The Professor of Desire by Philip Roth was published in 1977, when Roth was 44. Now 75, Roth is arguably the most celebrated living novelist in America (excepting J.D. Salinger, who published his last book around the time Roth was publishing his first, and who has remained one of the greatest literary mysteries of all time). Last year Exit Ghost won many favorable reviews, and the year before last Everyman proved that he could write as effectively about aging as anyone before him. He has won very many awards which are listed in the flaps of any of his books. He is extremely prolific. He is the last "youngest" great. But, as a professor of mine once stated, "Even Homer nods," and likewise, even Roth can be deemed "average" when it seems like he's doing his best not to repeat himself.

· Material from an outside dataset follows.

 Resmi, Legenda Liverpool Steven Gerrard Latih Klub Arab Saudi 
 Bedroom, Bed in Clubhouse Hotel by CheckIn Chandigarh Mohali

The novel (like several others apparently) features David Kepesh, who has not been turned into a breast, but who does dream of meeting the whore that Kafka used to visit, introduced to her by his childhood hero and muse invoked to open the novel, Herbie Bratasky, a young entertainer who works at the hotel David's parents own and maintain. David goes to school at Syracuse for undergrad, goes abroad to London and meets two girls/whores who have a threesome with him and then leave him always feeling as if adventure seeped out of his sexual life thereafter, then goes to Stanford for graduate study, and meets Helen. Helen is beautiful, but crazy, and still loves a man who once took her to Hong Kong and asked if she would be an accomplice in his wife's murder, so that they could be together without any troubles. Helen often wishes she went along with him, later, and starts doing lots of cocaine, and does annoying things that make David want to divorce her, and finally they do, and then he is alone in New York, subletting from an actor, seeing a psychiatrist named Dr. Klinger, somehow corresponding with the Schonbrunns, fellow professor and wife at Stanford, and eventually meeting Claire, somewhat more simple than Helen, but much more sane, and much better for David, and eventually everything ends rather happily.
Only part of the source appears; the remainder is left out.